#### Problem:
Images are to be dropped, and the rest of the data reproduced exactly.

++++

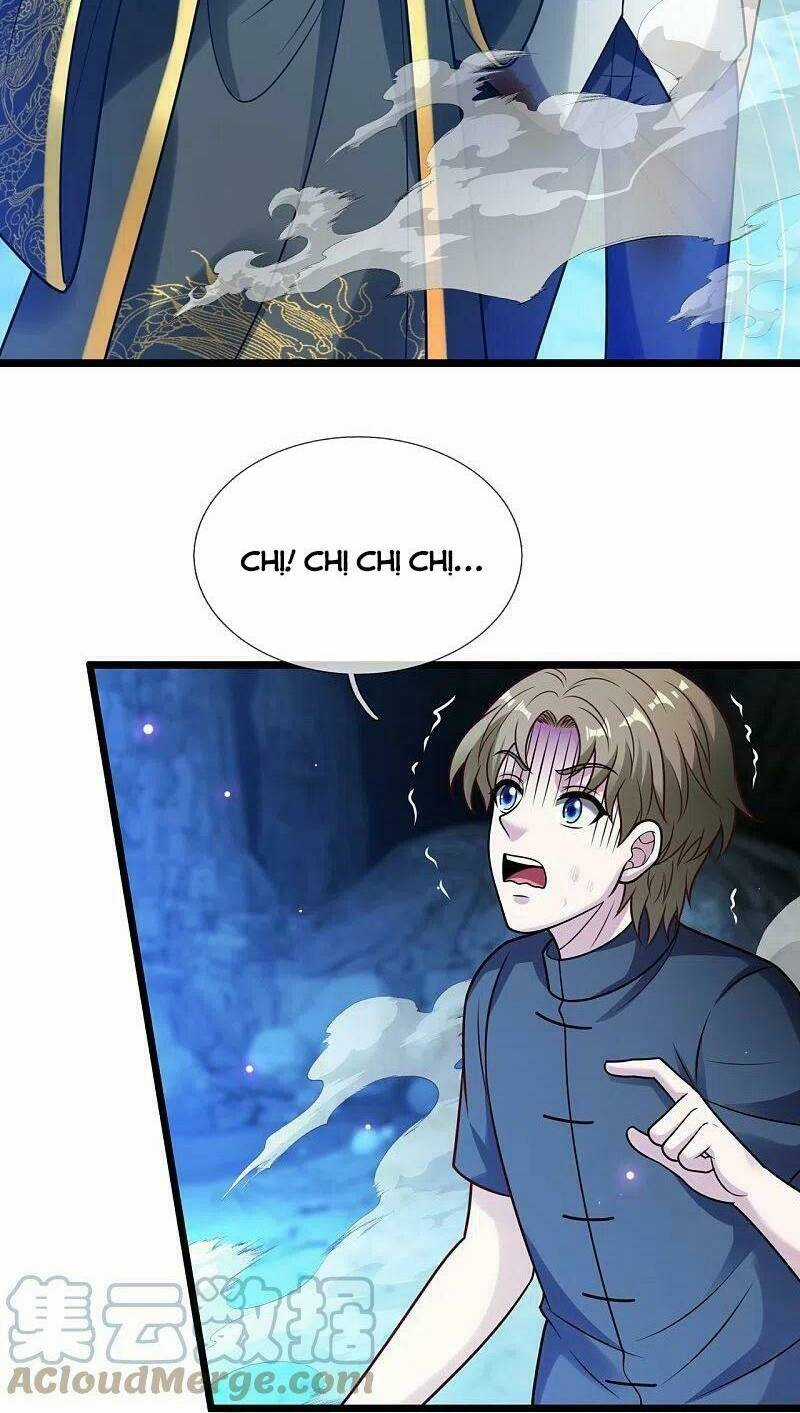 Đô Thị Chi Nghịch Thiên Tiên Tôn Chapter 322 trang 5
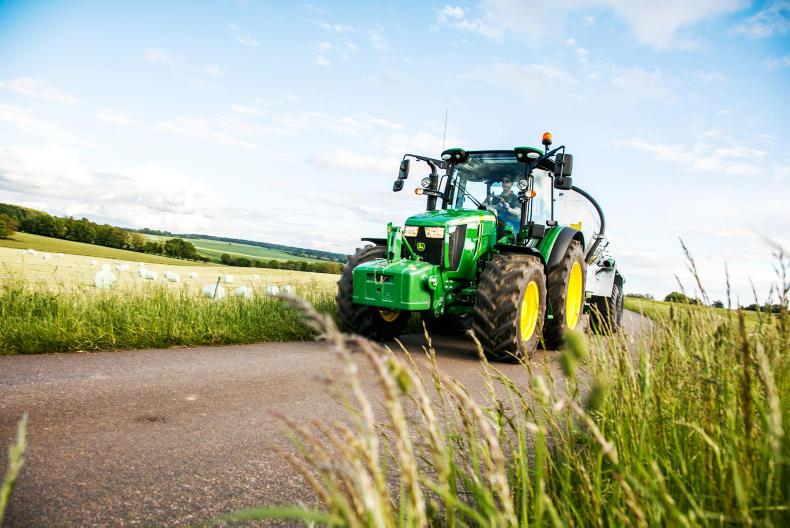 Most tractors bought in Cork in 2016 Premium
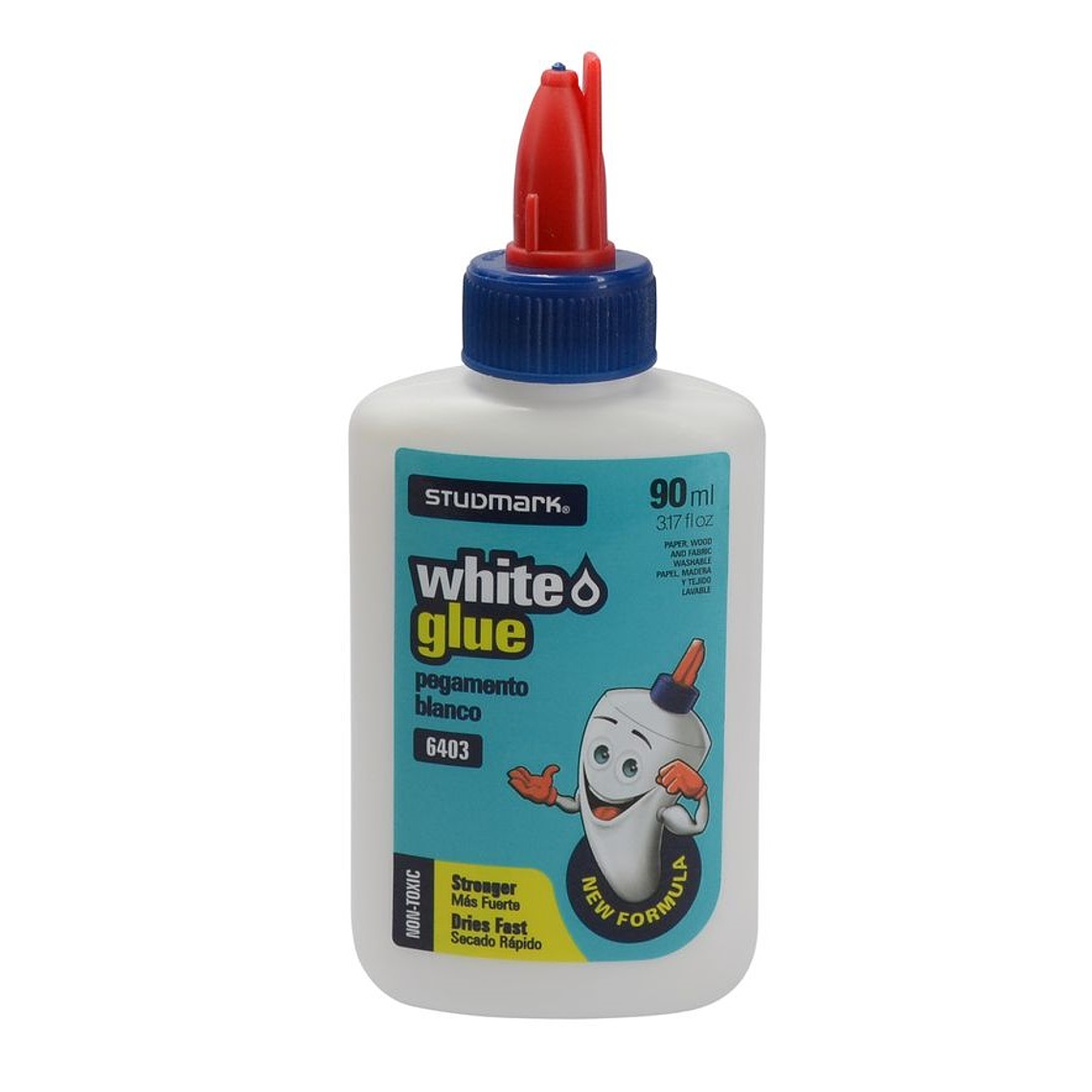 Goma Blanca Studmark 3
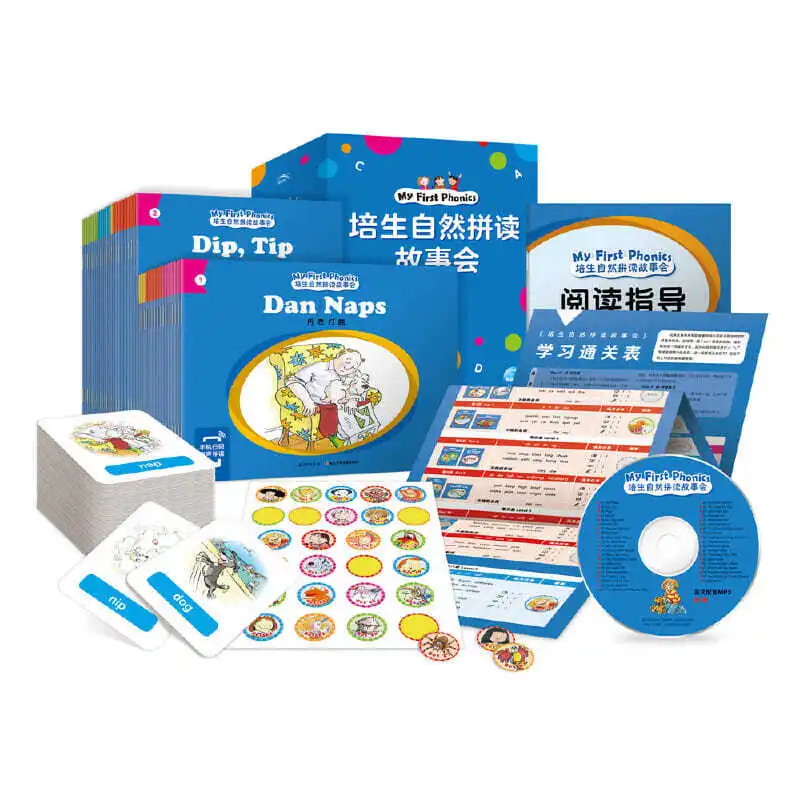Книга с английскими мотивами Pearson Natural Phonics От 3 до 5 лет, детская книга для изучения английского языка, набор из 40 книг, kawaii Art
Книга с английскими мотивами Pearson Natural Phonics От 3 до 5 лет, детская книга для изучения английского языка, набор из 40 книг, kawaii Art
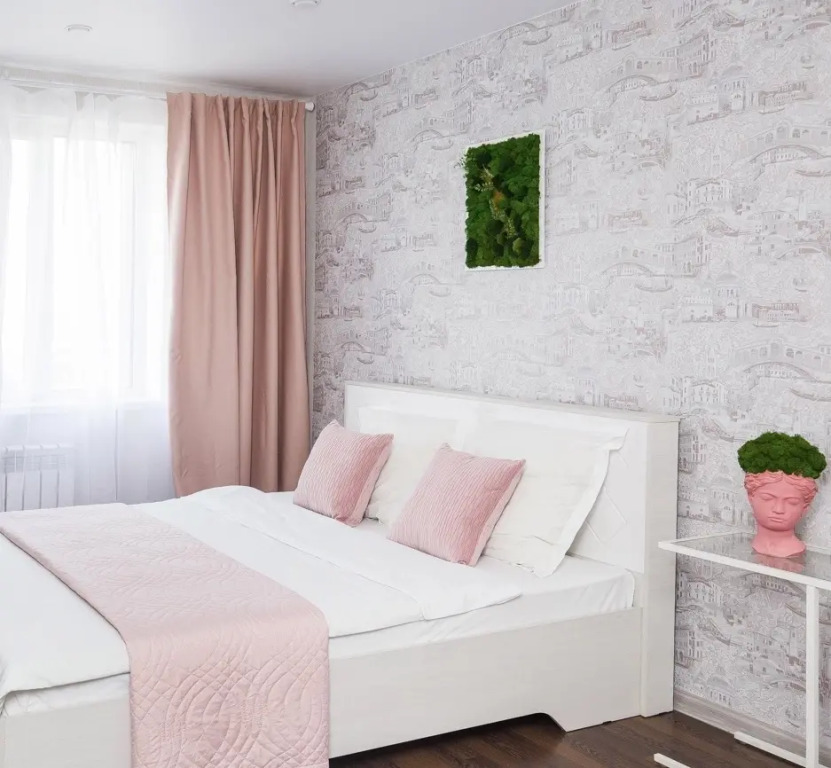 Фотография квартиры Апартаменты в Центре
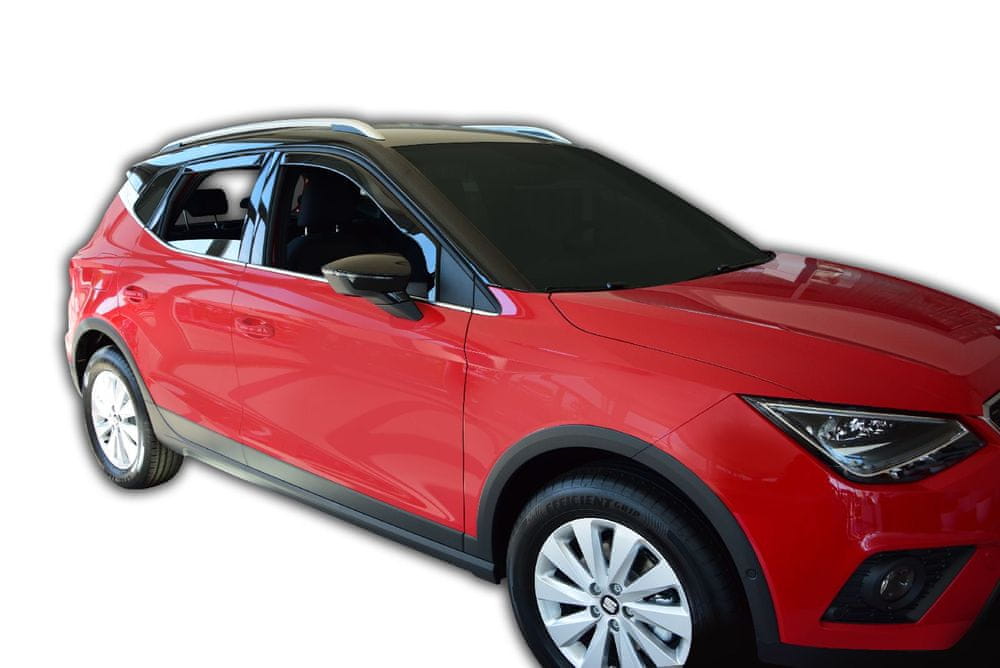 Heko vindavviser til Seat ARONA 5-dørs – PMMA Plexi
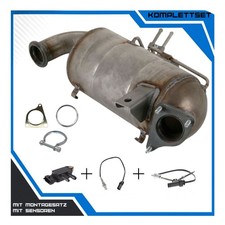 KIT NEU Dieselpartikelfilter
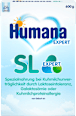 Spezialnahrung SL Expert von Geburt an Humana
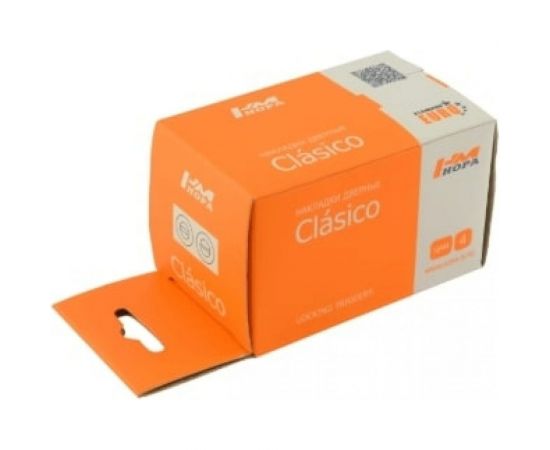 Накладка под фиксатор НОРА-М НФ-К хром 15882 – изображение 6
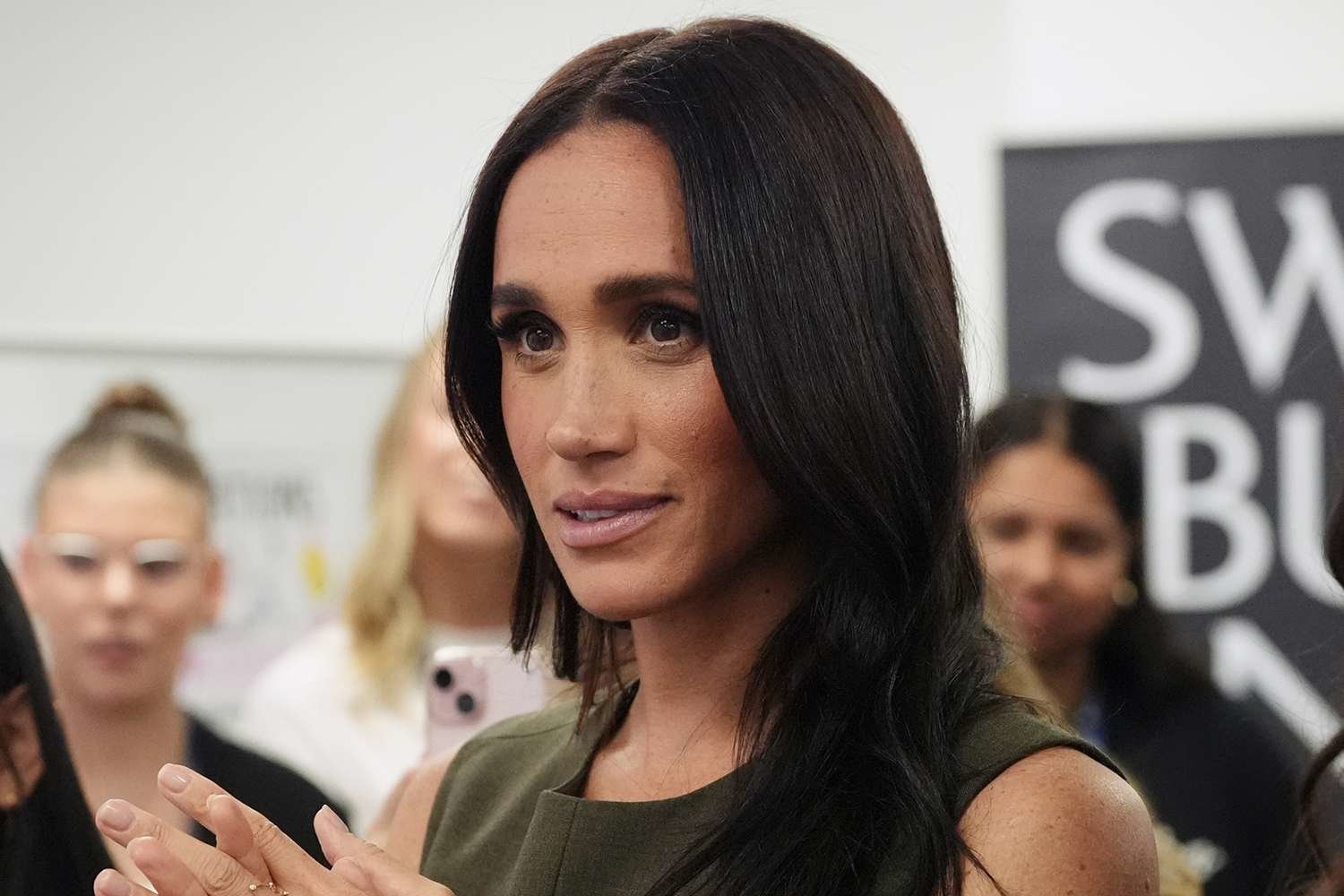 Meghan Markle Reflects on Intense Online Scrutiny and Global Attention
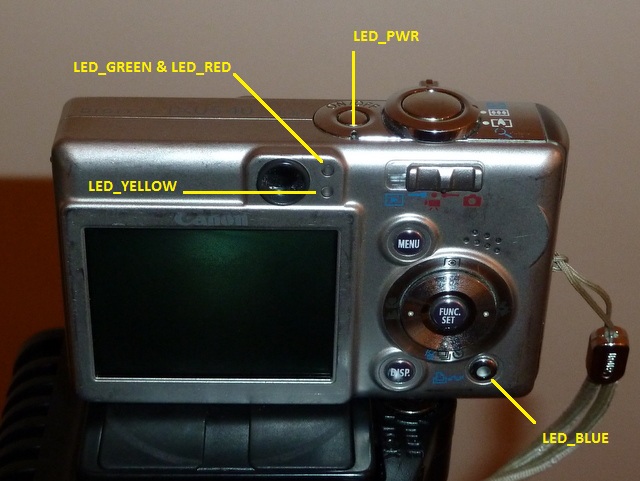 CANON SD300 DRIVERS UPDATE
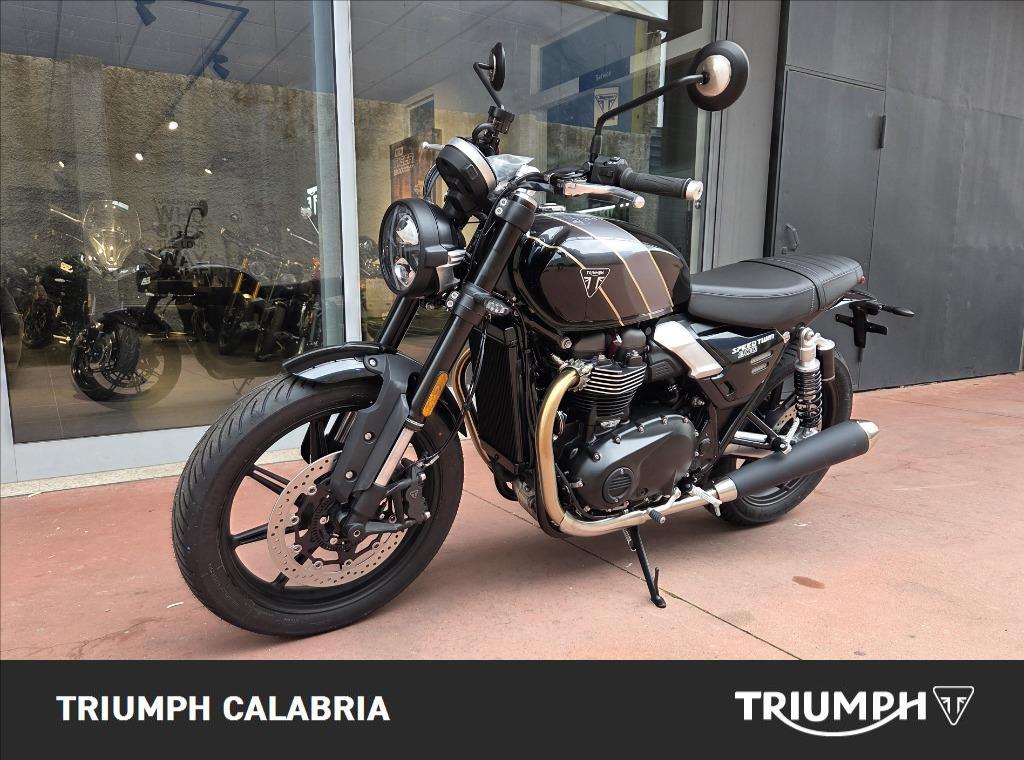 TRIUMPH Speed Twin 900 Abs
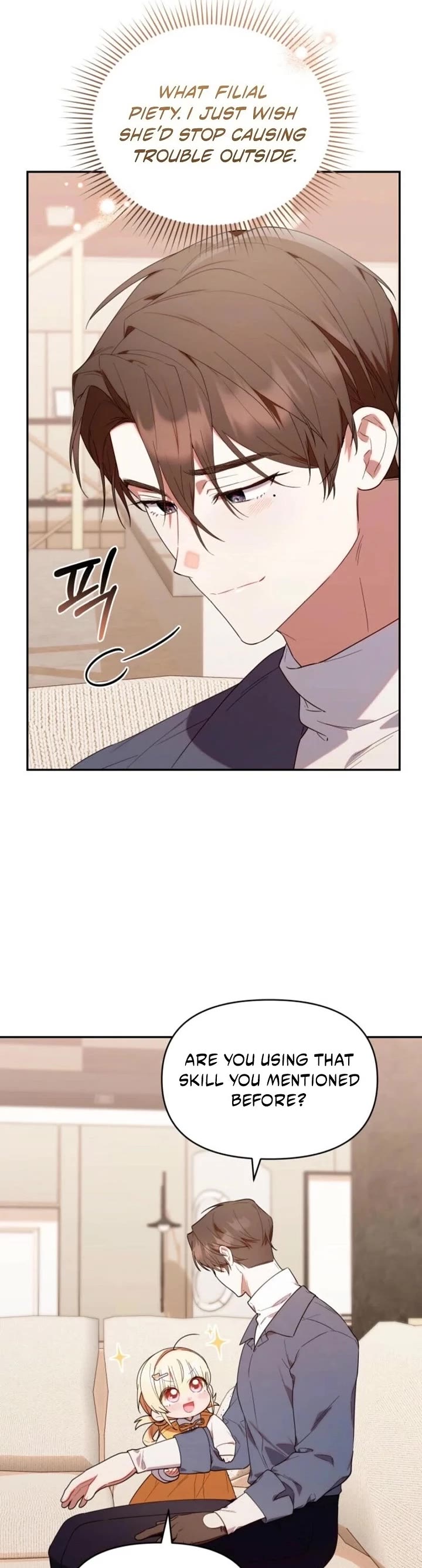 Read The Chick-Class Hunter Is Filial! EN Manga Online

++++

#### Finished task:
 Đô Thị Chi Nghịch Thiên Tiên Tôn Chapter 322 trang 5
 Most tractors bought in Cork in 2016 Premium
 Goma Blanca Studmark 3
Книга с английскими мотивами Pearson Natural Phonics От 3 до 5 лет, детская книга для изучения английского языка, набор из 40 книг, kawaii Art
Книга с английскими мотивами Pearson Natural Phonics От 3 до 5 лет, детская книга для изучения английского языка, набор из 40 книг, kawaii Art
 Фотография квартиры Апартаменты в Центре
 Heko vindavviser til Seat ARONA 5-dørs – PMMA Plexi
 KIT NEU Dieselpartikelfilter
 Spezialnahrung SL Expert von Geburt an Humana
 Накладка под фиксатор НОРА-М НФ-К хром 15882 – изображение 6
 Meghan Markle Reflects on Intense Online Scrutiny and Global Attention
 CANON SD300 DRIVERS UPDATE
 TRIUMPH Speed Twin 900 Abs
 Read The Chick-Class Hunter Is Filial! EN Manga Online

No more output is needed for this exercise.